Work instructions: I'd like every entry returned exactly as it is, with the images left out.

Exercise material:
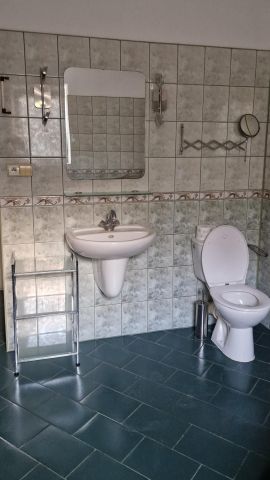 dom wolnostojący, 7 pokoi Księginice, ul. Podolska. Zdjęcie 6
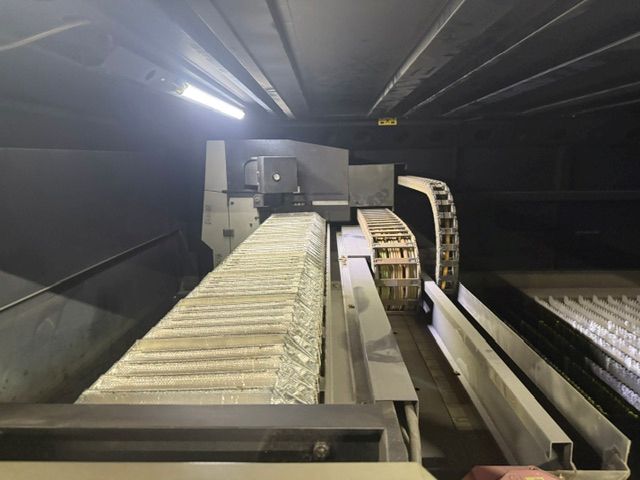 1252-Amada-ENSIS-3015AJ-Fiber-Inside-2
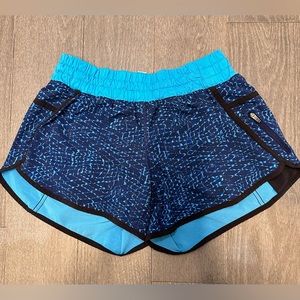 Lululemon Hotty Hot Low Rise Lined Short 4”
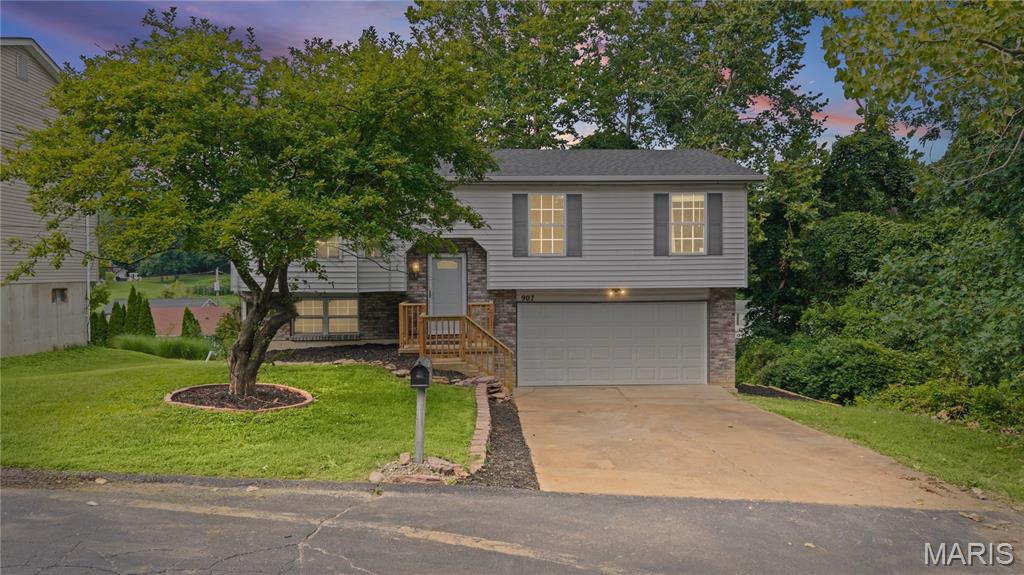 907 Guenzler Drive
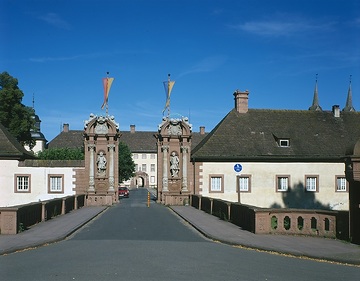 Kloster Corvey, ehem. Benediktinerabtei, 1996: Barocke Toranlage von Westen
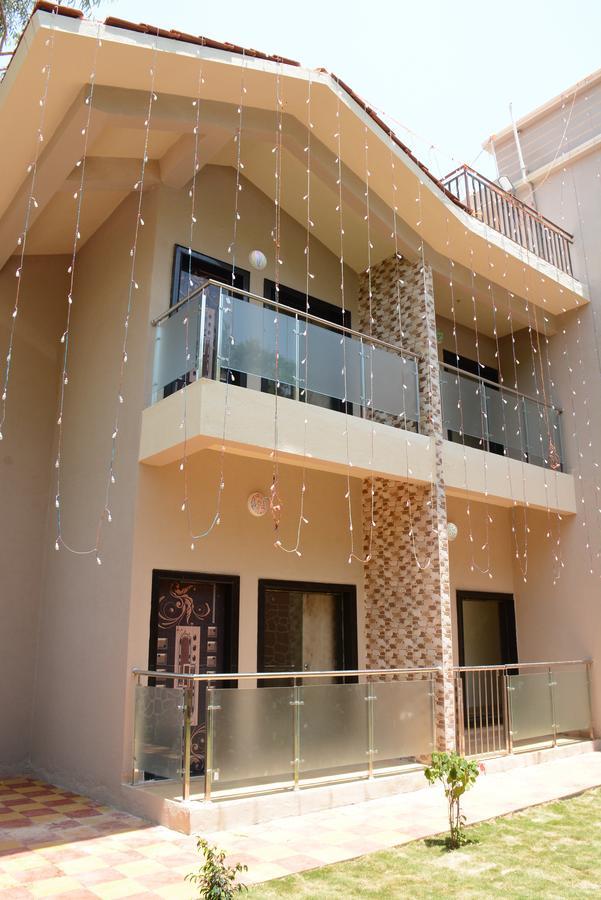 Malhar Bungalow Panchgani Esterno foto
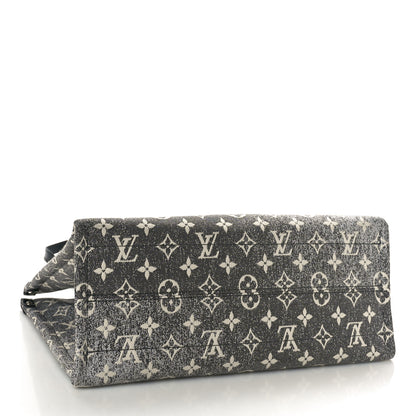 Louis Vuitton Monogram Jacquard Denim Onthego MM Black 4 of 9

Output for this exercise:
 dom wolnostojący, 7 pokoi Księginice, ul. Podolska. Zdjęcie 6
 1252-Amada-ENSIS-3015AJ-Fiber-Inside-2
 Lululemon Hotty Hot Low Rise Lined Short 4”
 907 Guenzler Drive
 Kloster Corvey, ehem. Benediktinerabtei, 1996: Barocke Toranlage von Westen
 Malhar Bungalow Panchgani Esterno foto
 Louis Vuitton Monogram Jacquard Denim Onthego MM Black 4 of 9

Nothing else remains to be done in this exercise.